I know that’s why I like having them around. I like to know there’s some wildness in my life. I don’t live a crazy, stormy, turbulent and boisterous life. I live a quiet one: I work at my job, spend time with my wife and two girls, clean the house, shop for food — I do all the never-ending chores of a domesticated existence. (Like Flaubert wrote: “Be regular and orderly in your life so that you can be violent and original in your work.”) And I enjoy it — there is a pleasure in just simple things.

But having cats makes me remember that I have a wild nature, too. I’m not just a domesticated, civilized human being. I am also a wild creative person. That’s where my wildness lies, in the imagination, when I sit down to write at night, typing away, immersed in my fiction, my cats racing around the house, playing and caterwauling, hunting and prowling, stretching and jumping from one height to the next.
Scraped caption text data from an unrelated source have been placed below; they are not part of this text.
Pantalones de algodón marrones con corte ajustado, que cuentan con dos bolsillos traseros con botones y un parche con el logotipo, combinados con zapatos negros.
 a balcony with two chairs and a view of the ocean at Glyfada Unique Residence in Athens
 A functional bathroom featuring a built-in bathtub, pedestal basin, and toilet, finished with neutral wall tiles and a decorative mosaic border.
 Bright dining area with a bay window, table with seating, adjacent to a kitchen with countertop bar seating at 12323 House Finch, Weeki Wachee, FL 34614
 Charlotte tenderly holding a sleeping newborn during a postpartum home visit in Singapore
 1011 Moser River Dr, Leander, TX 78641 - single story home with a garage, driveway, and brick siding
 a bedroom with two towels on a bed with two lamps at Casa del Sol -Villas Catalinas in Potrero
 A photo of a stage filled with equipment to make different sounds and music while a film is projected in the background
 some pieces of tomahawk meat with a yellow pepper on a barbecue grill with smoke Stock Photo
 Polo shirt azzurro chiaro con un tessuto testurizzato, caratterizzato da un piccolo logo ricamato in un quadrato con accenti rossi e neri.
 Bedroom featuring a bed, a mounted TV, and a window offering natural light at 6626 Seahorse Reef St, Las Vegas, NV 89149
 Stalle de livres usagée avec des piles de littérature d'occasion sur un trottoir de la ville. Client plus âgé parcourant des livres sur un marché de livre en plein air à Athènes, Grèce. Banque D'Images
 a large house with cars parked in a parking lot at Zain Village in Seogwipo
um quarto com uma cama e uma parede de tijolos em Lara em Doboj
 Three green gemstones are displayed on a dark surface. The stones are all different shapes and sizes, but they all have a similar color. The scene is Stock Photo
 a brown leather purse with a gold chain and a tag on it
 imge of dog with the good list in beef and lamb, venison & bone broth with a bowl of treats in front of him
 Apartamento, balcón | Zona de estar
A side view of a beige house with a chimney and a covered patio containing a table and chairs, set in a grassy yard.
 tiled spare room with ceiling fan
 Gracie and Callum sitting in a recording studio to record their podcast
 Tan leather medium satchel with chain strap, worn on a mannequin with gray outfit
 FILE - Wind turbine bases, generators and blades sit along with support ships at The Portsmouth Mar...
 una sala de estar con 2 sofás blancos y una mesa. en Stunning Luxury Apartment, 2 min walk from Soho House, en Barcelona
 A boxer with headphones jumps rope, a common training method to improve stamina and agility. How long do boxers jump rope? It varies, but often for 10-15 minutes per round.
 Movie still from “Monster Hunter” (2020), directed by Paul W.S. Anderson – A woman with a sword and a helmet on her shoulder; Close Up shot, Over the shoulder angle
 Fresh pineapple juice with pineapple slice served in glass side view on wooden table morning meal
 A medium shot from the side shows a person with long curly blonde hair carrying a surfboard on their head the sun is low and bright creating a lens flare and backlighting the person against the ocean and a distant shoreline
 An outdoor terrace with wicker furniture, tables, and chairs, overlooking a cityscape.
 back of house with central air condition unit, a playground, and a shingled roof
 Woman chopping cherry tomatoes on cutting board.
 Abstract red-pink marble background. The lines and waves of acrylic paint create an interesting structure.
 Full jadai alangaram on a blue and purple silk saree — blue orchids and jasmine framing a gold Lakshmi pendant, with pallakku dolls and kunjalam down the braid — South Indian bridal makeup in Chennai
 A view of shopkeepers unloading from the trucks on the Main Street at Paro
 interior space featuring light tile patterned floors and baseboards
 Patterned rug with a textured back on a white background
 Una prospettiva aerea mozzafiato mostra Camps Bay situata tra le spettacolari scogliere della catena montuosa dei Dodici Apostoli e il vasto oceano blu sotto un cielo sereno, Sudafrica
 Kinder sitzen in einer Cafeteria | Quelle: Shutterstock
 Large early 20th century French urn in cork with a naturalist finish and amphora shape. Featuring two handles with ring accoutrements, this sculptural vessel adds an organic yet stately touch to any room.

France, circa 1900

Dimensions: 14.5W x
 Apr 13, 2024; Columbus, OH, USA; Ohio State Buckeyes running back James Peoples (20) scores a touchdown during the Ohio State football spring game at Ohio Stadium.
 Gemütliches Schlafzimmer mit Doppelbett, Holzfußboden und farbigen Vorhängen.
That’s when I feel like I’ve chosen the perfect familiar.

Extra Playful

It’s that time of the year. When the Check Engine light stares me down. Challenges me from behind the wheel.

It’s like the mythic eye of Balor, king of the Fomorians, the evil eye that will kill a man if he stares at it too long. And I want to stare at the light because it’s so vatic — but a foreboding one.

I’ve had it looked at. Many a mechanic has had his hands on my engine. And he can find nothing nefarious besides something to do with the gas tank — which is not in my engine.

What the hell lurks under the hood of one’s car? Between the grease and oil falls the shadow, yes? There are more strange and mysterious things going on there than in a Lovecraft story.

The Check Engine light is more Kafkesque than Kafka.

I should send it as a gift to a writer like China Mieville, then maybe he could make the weird more meaningful.

Dystopian or Utopian works. Forget it! Give me Check Engine light novels.

What would Huxley or Orwell do with this little annoyance of technology? Would either man have even thought about the inevitability of some sentient gremlin living in the viscous world of my engine and tapping into my most primal fear?

But what am I afraid of? What I don’t know but what the damn light knows! In its infinite knowledge the light knows what is to happen. All I know is that some disaster is waiting to unfold.

It’s like driving around with my own oracle under the hood.

But I refuse to listen. So what will be the cost? The infernal Check Engine light reminding me always that I am given motion through its benevolence?

Perhaps the whole universe is driven by this omnipotent light. Perhaps when the end comes it will not come with apocalyptic brilliance but with a comical touch: millions of Check Engine lights flaring on from continent to continent with each driver oblivious, maybe a little rankled, but driving on, ignorant of the final pronouncement.

If that’s the case, I should really never get that light fixed. It may be my salvation lies in the mysteries of my car’s engine.

Weirder things have happened; like dead bodies in car trunks.

“You’ve been playing too many hairs on the pianoforte.” Lewis Carroll.